*** Opening DATA EXTRACTS ***

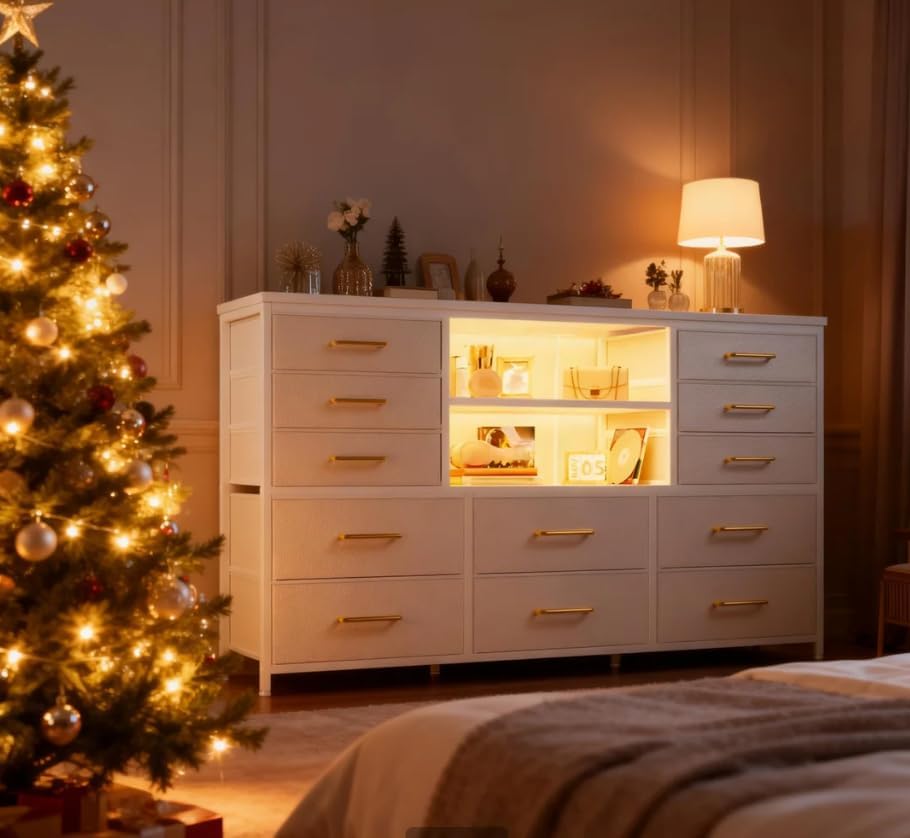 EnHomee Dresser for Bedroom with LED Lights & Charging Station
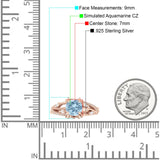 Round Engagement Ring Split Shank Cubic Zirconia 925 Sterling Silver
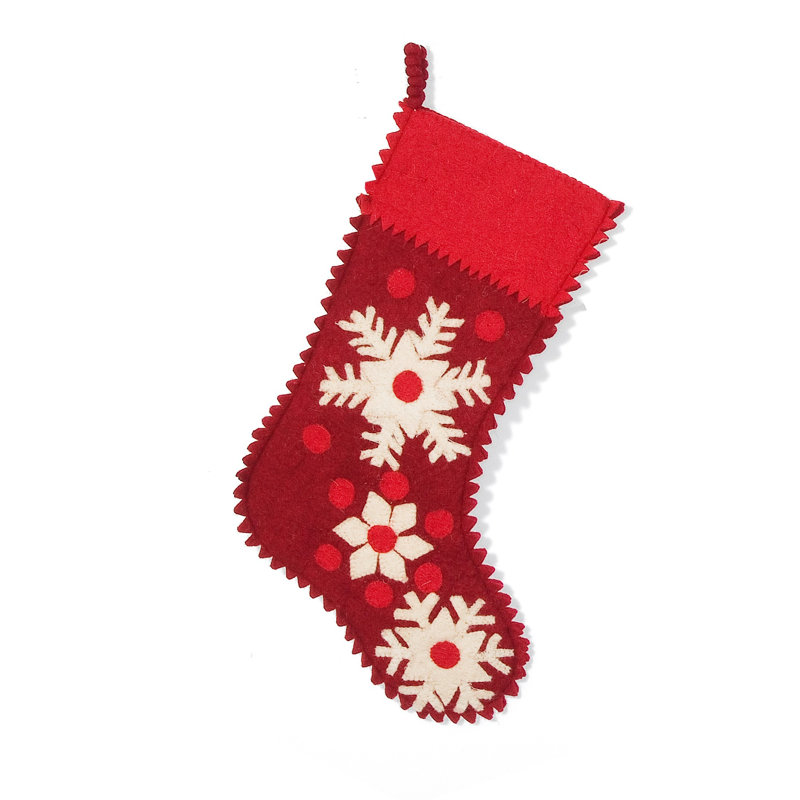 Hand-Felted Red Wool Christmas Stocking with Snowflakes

*** Closing DATA EXTRACTS ***
*** Opening DATA EXTRACTS ***

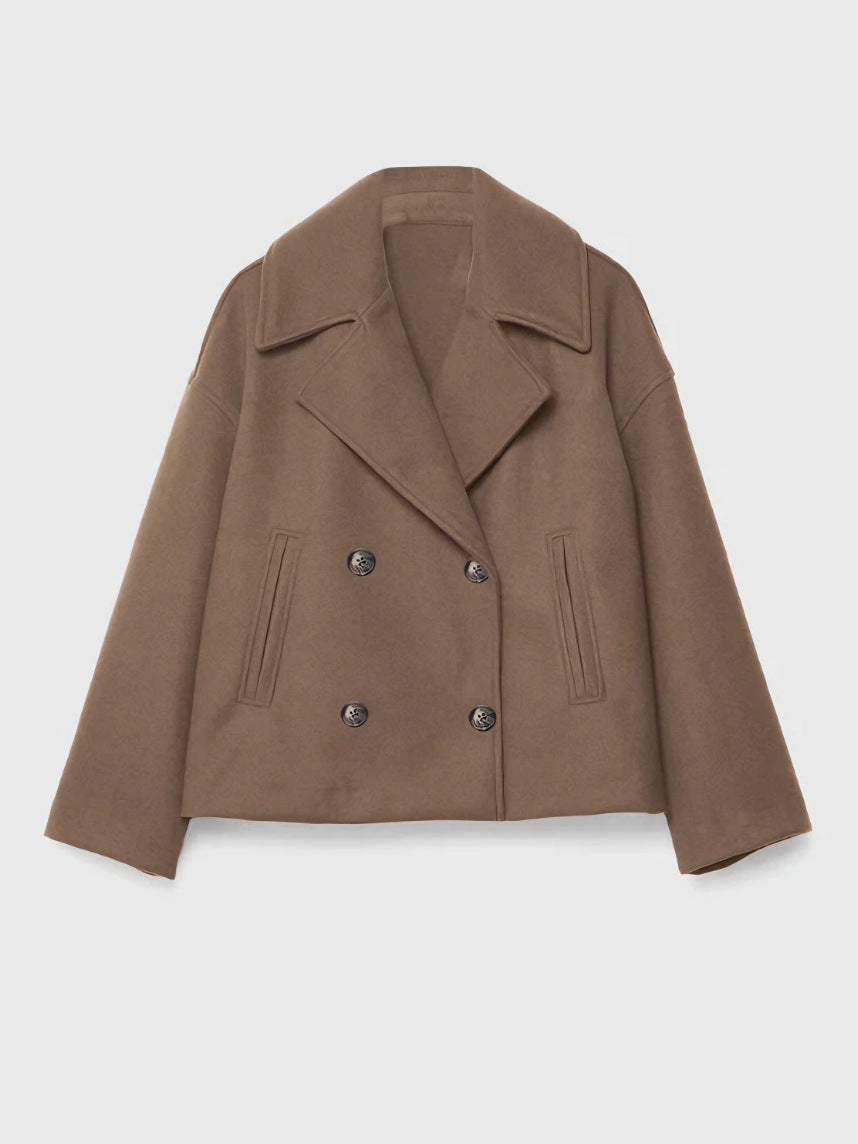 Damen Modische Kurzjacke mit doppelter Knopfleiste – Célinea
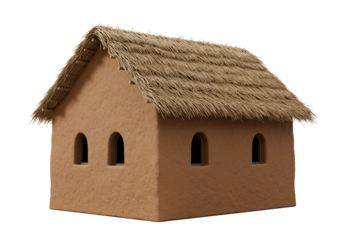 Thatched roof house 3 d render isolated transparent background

*** Closing DATA EXTRACTS ***
*** Opening DATA EXTRACTS ***

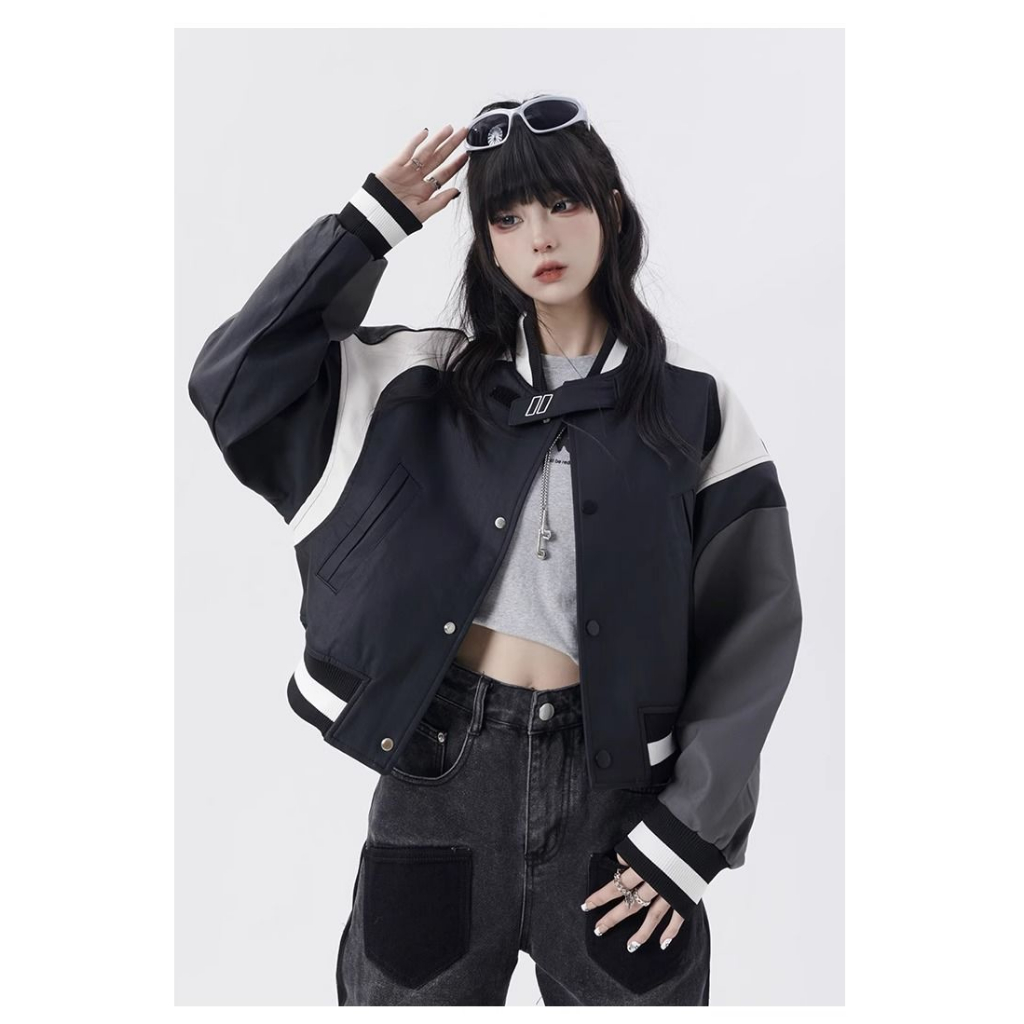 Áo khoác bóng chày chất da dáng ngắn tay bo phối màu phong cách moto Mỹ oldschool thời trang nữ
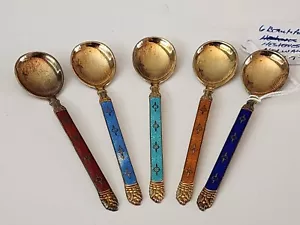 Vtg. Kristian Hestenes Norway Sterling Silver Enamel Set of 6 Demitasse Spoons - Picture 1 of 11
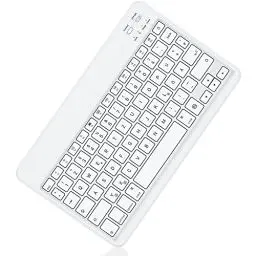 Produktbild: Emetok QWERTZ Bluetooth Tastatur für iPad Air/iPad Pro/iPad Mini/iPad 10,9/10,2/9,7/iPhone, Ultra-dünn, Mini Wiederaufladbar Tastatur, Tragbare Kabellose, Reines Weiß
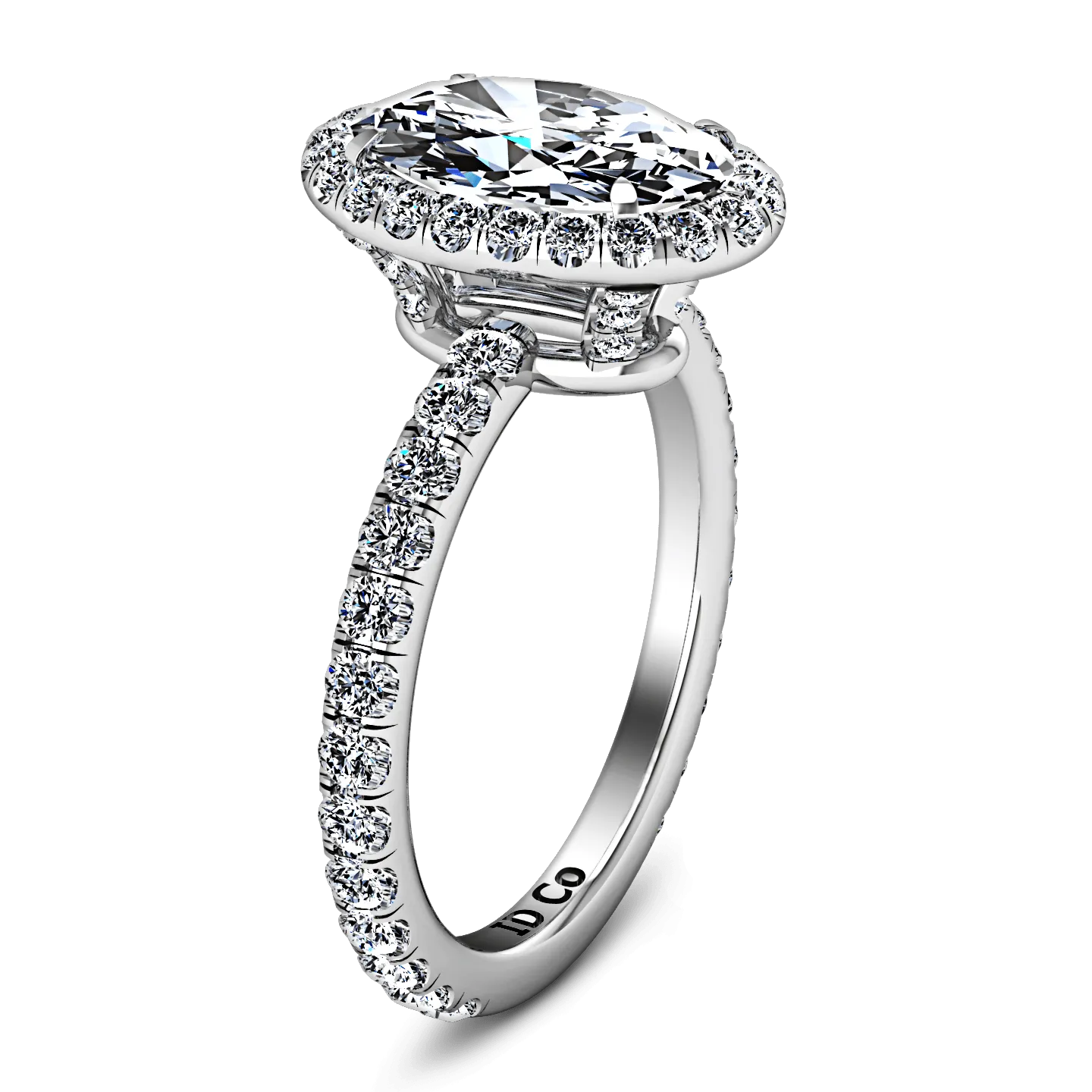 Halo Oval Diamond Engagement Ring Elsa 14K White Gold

*** Closing DATA EXTRACTS ***

TASK DETAILS
Work from the entries above. Set down exactly and only the lines from the line with "Áo khoác bóng" to the line with "Halo Oval Diamond", both included, and leave the pictures out.

ANSWER BOX
 Áo khoác bóng chày chất da dáng ngắn tay bo phối màu phong cách moto Mỹ oldschool thời trang nữ
 Vtg. Kristian Hestenes Norway Sterling Silver Enamel Set of 6 Demitasse Spoons - Picture 1 of 11
 Produktbild: Emetok QWERTZ Bluetooth Tastatur für iPad Air/iPad Pro/iPad Mini/iPad 10,9/10,2/9,7/iPhone, Ultra-dünn, Mini Wiederaufladbar Tastatur, Tragbare Kabellose, Reines Weiß
 Halo Oval Diamond Engagement Ring Elsa 14K White Gold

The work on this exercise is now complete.